The guys on the folding chairs were police-appropriate: crew-cut, gym-big, crisp as Honor Guard Company in their immaculate uniforms, seeming to share a single expression of wary attentiveness. They had faces built for Ray-Ban Aviators and flat-brims, and they all carried plastic Glock .40s on their patent leather Sam Browne belts. They were duty guys, and what more could you ask for?
“Sir,” someone said, “a triple first-degree is big-time. But we know you got here by emergency chopper from Detroit. You’re FBI, but not out of the Detroit Office, and that fellow with you is a ‘consultant,’ meaning a guy who knows a lot about a certain thing. So I’d like just to ask, politely, what’s going on?”
“As some of you may have surmised, there is a national security connection, but I am not at liberty to divulge it. The Detroit thing is a helpful pretext to get me troops without having to explain things. Let me just say this guy is thought to be very dangerous in ways not connected with Detroit, and that it is in the highest national interest — and urgency — to take him off the page right now.”
He watched them watching him. Like most State cop shops, it was a shabby installation off the highway, innocuous except for the OHP shield on a sign outside and the two dozen black-and-whites outside.
“Why here, why now?”
He backgrounded them, finishing on, “We’re working on the theory they stole the Impala in Hudson — blue, plates Alpha-Four-Five-Five-Charlie — and dumped the Benz outside of Hudson.
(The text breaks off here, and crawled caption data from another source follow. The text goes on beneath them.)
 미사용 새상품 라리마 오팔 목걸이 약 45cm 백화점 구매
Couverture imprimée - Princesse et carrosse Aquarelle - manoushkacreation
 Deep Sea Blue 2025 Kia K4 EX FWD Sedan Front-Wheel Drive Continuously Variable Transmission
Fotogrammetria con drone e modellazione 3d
So they’re headed south on 127. Since they’d been going forty-eight straight, I think they bunked somewhere and got on the road again maybe late last night. Still heading south. Don’t know if it’s random or they’re aiming toward a certain destination.”
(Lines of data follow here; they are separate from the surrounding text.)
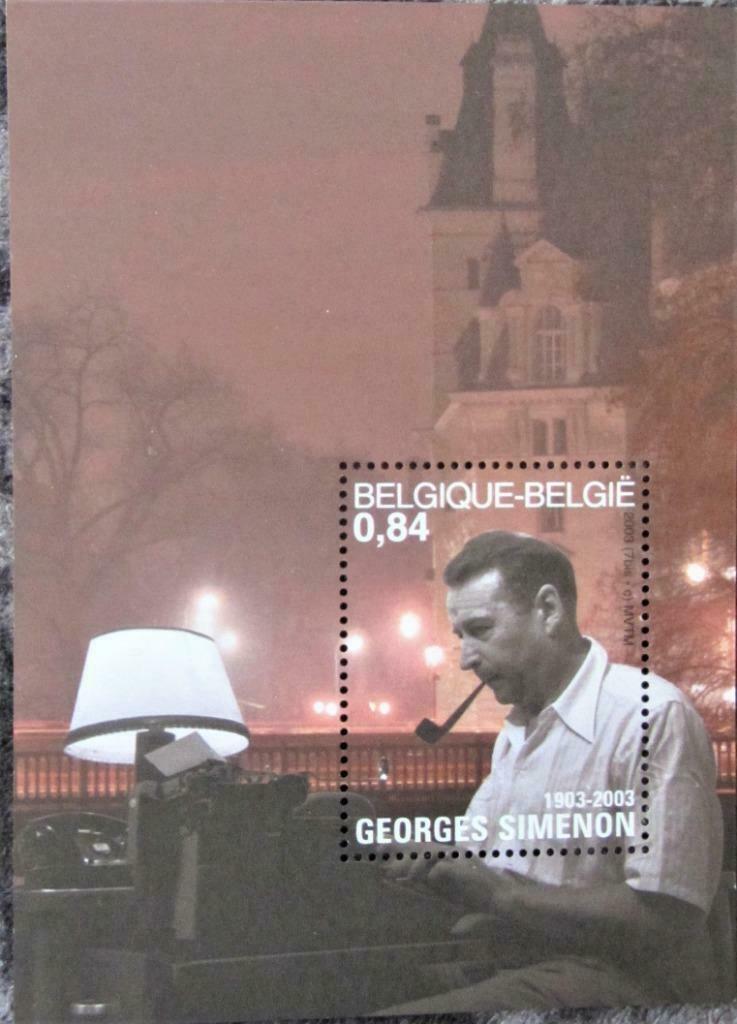 POSTZEGELS BELGIË- GEORGES SIMENON **  BL 103, Timbres & Monnaies, Enlèvement ou Envoi, Non oblitéré, Autres thèmes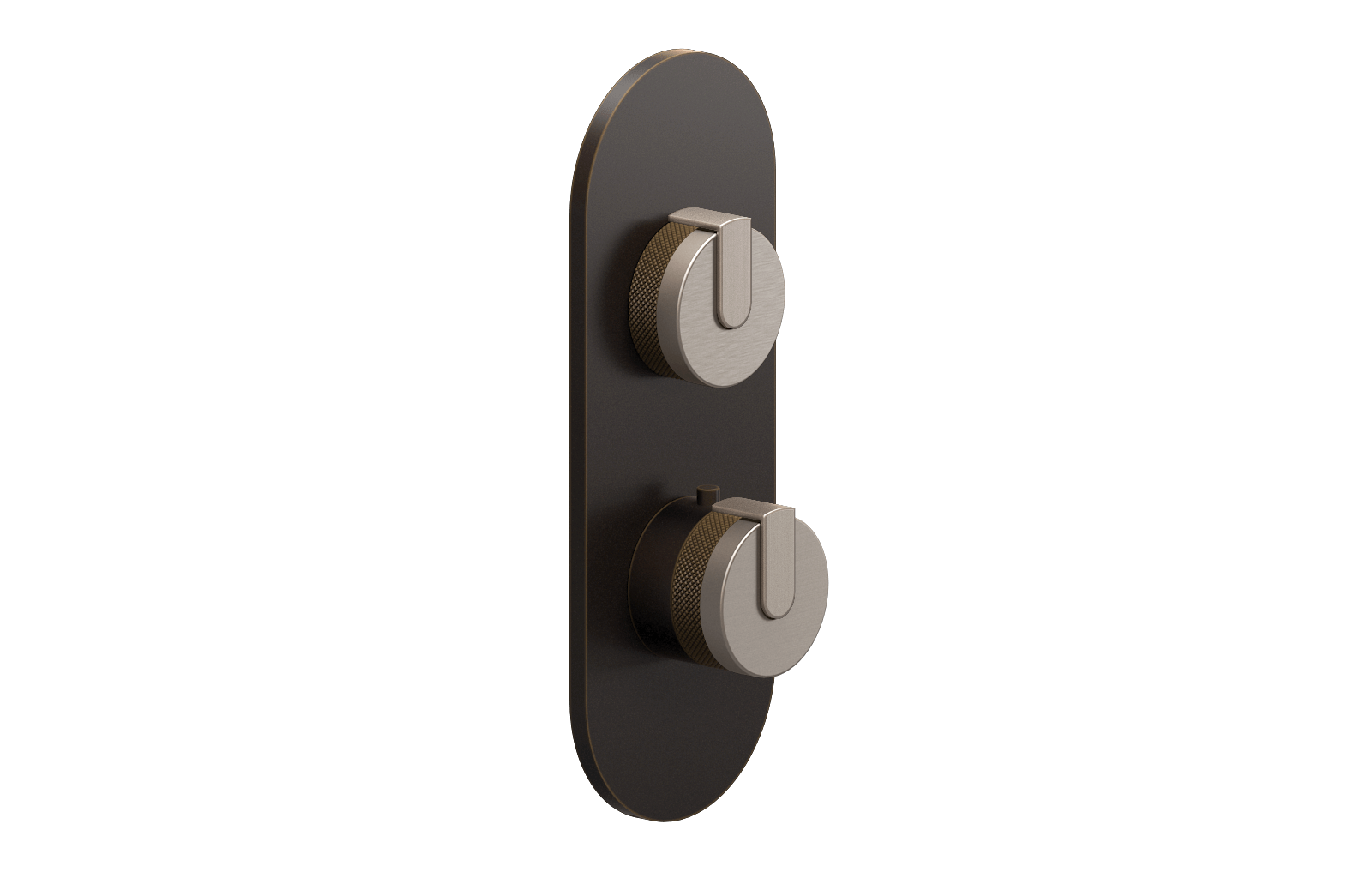 E-8026-R1SNE0-L1SN-OB-T Планка M-Series с 2 ручками - Внешняя часть GRAFF MOD+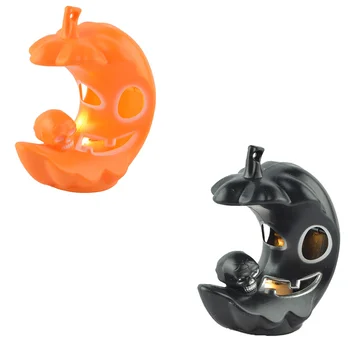 

Creative Halloween Pumpkin Skull Small Sitting Light LED Night Light Atmosphere Light Decoration Pumpkin Moon Light Party
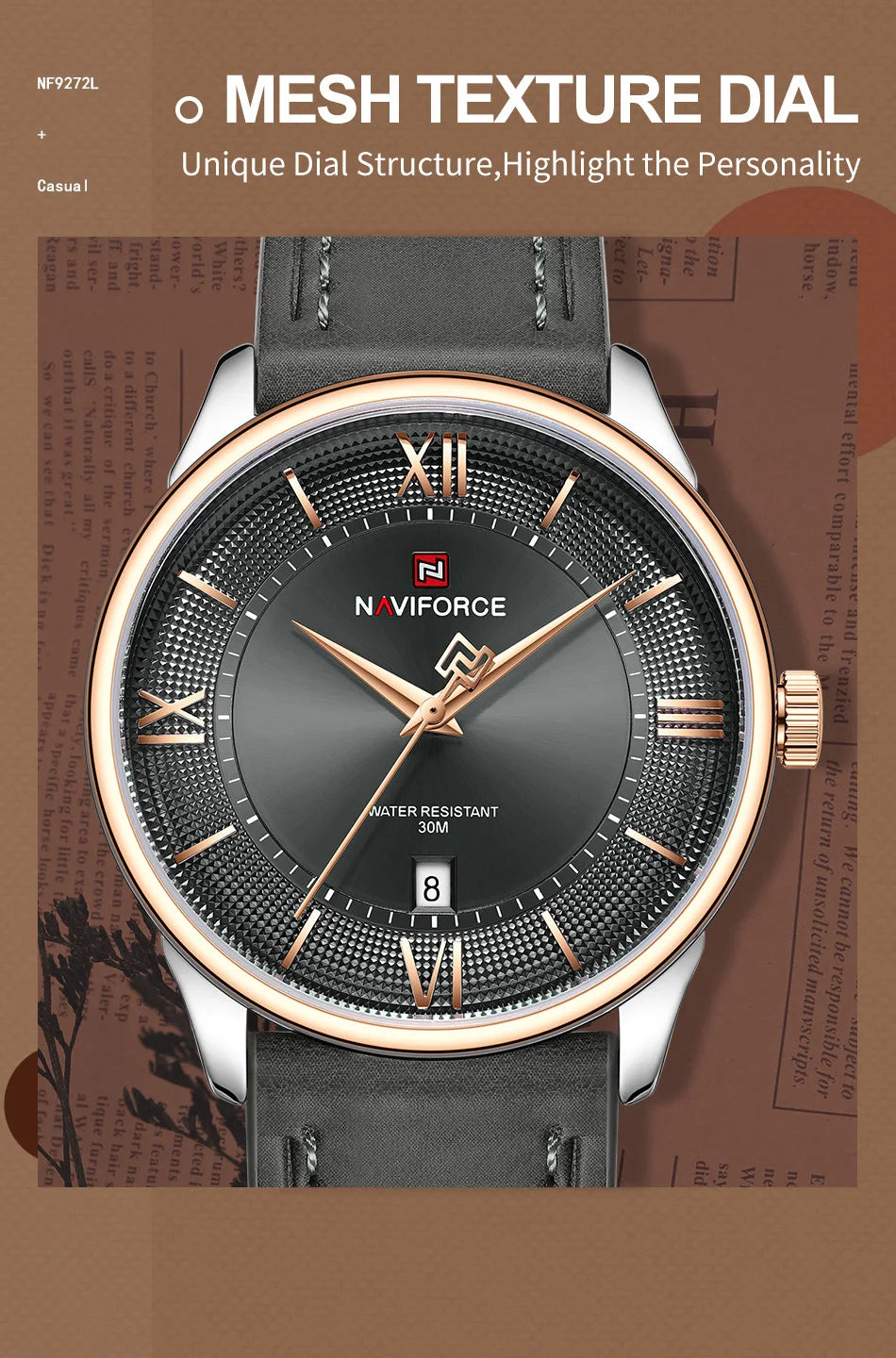 NAVIFORCE 2025 High Quality Men's Luxury Quartz Wristwatch Sports Date Waterproof Fashion Clock Top Brand Male Relogio Masculino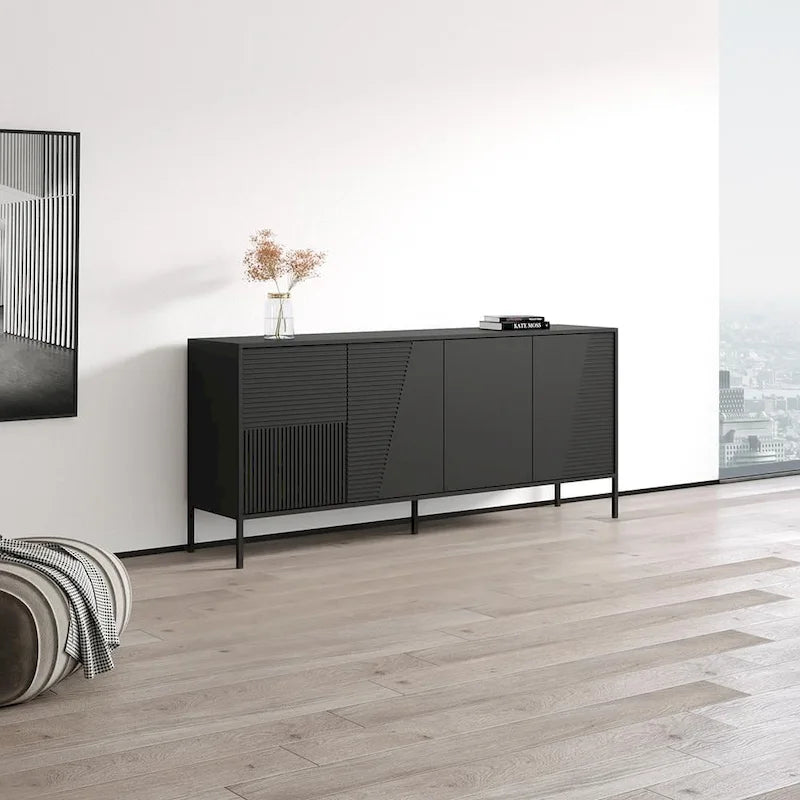 Buffet moderne avec panneaux décoratifs - Style 04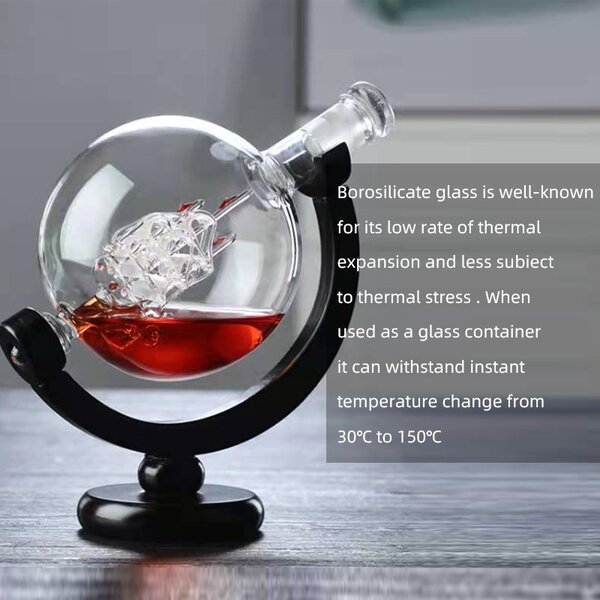 Darčeková sada na Whiskey poháre, decanter 800ML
“But you see it as this part of Ohio?”
“Yeah, and so far they’ve shown a tendency to stay off the interstates, because they know that’s where you guys are and they fear you guys. They know you pay attention. So my bet is, they’re still on 127 headed toward Greenville. So our target would be a dark blue ’13 Impala.”
Nick had more.
“Really, guys, do not go all heroic on me and try for a one-man intercept. This guy has tons of combat experience in the sandbox and he is a world-class shot. He’s got a twelve-gauge semi-auto and a box of double-aughts, stolen from the drug stash. With that gun, he’s too good to go man on man against. He will not miss. He will not go down to .40, unless it clips the central nervous system. Are you that good while taking incoming double-aught? I didn’t think so.
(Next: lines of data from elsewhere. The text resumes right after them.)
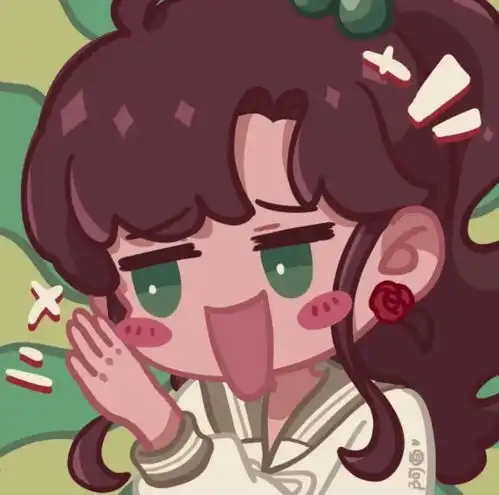 闺蜜头像粉色系动漫版美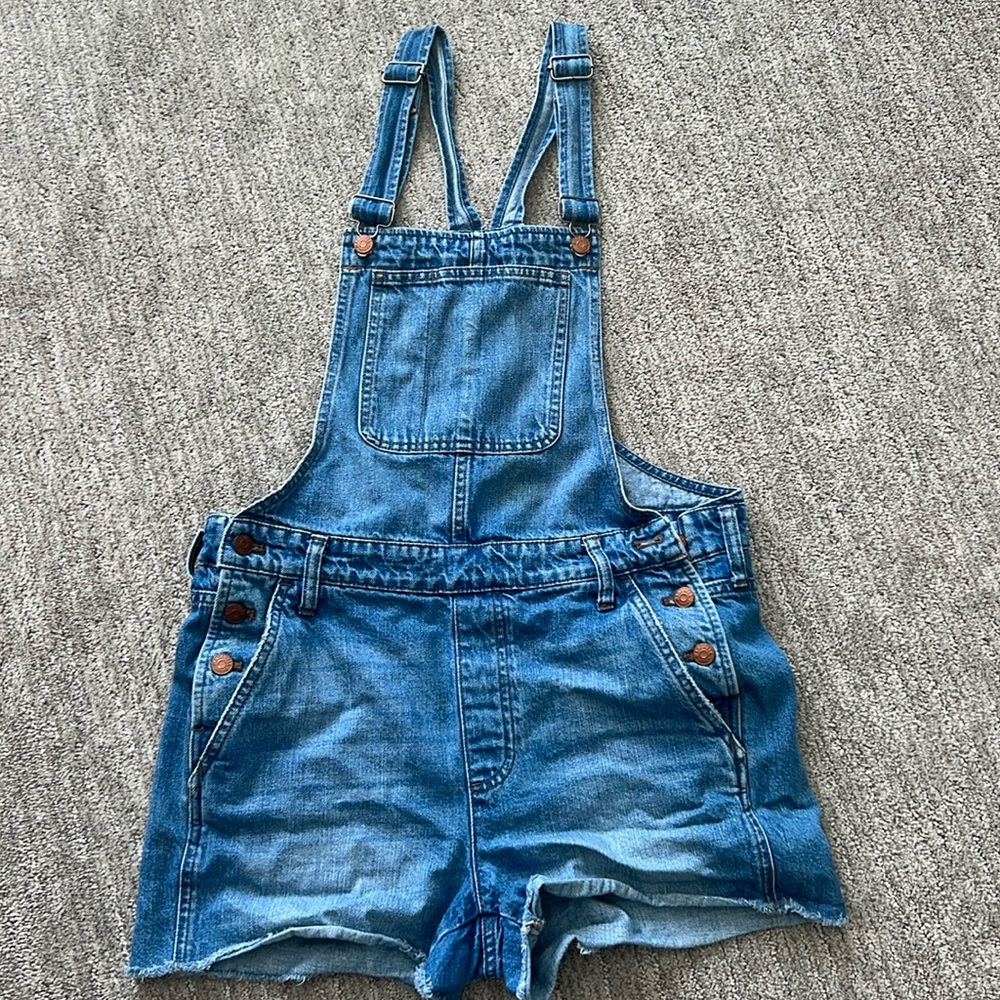 Madewell Denim Overalls Size Medium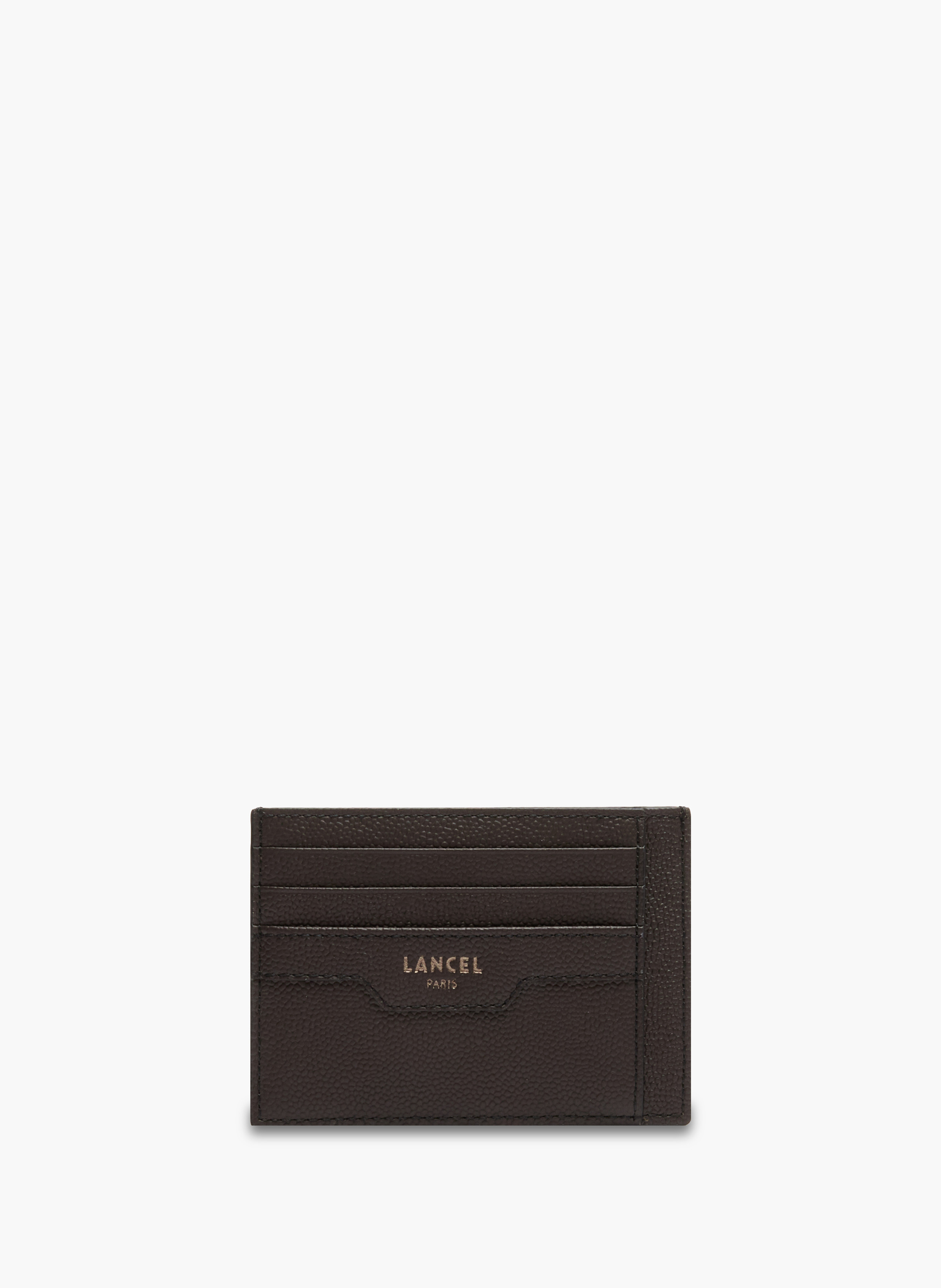 Porte-cartes 6cc/id charlie de lancel en cuir LANCEL Gris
“So, note road and direction and pass on by. Don’t even pursue at a distance. You’ve done your job. Last thing we want is a rolling-felony-stop massacre as in Dade County. We can’t catch him, we’ve got to ambush him. We’ve got to be there in force or we’re looking at a shooting event like you wouldn’t believe. Like you wouldn’t survive. If we get the ID, we’ll go to helicopter then, airborne, try and monitor them while we throw together some kind of roadblock, way overgunned for the occasion. I’ve got SWAT people coming in from Lansing and Columbus and Dayton; they’ll do the rough stuff, if it comes to that. They like rough stuff.”
Nick turned to Swagger.
“Can you think of anything?” Nick asked Swagger, standing just off to the side of the lectern. He turned back to the men before Bob could answer and said, “My associate here has been in more gunfights than probably anyone this side of Frank Hamer, and, as you can see, he’s more or less alive.”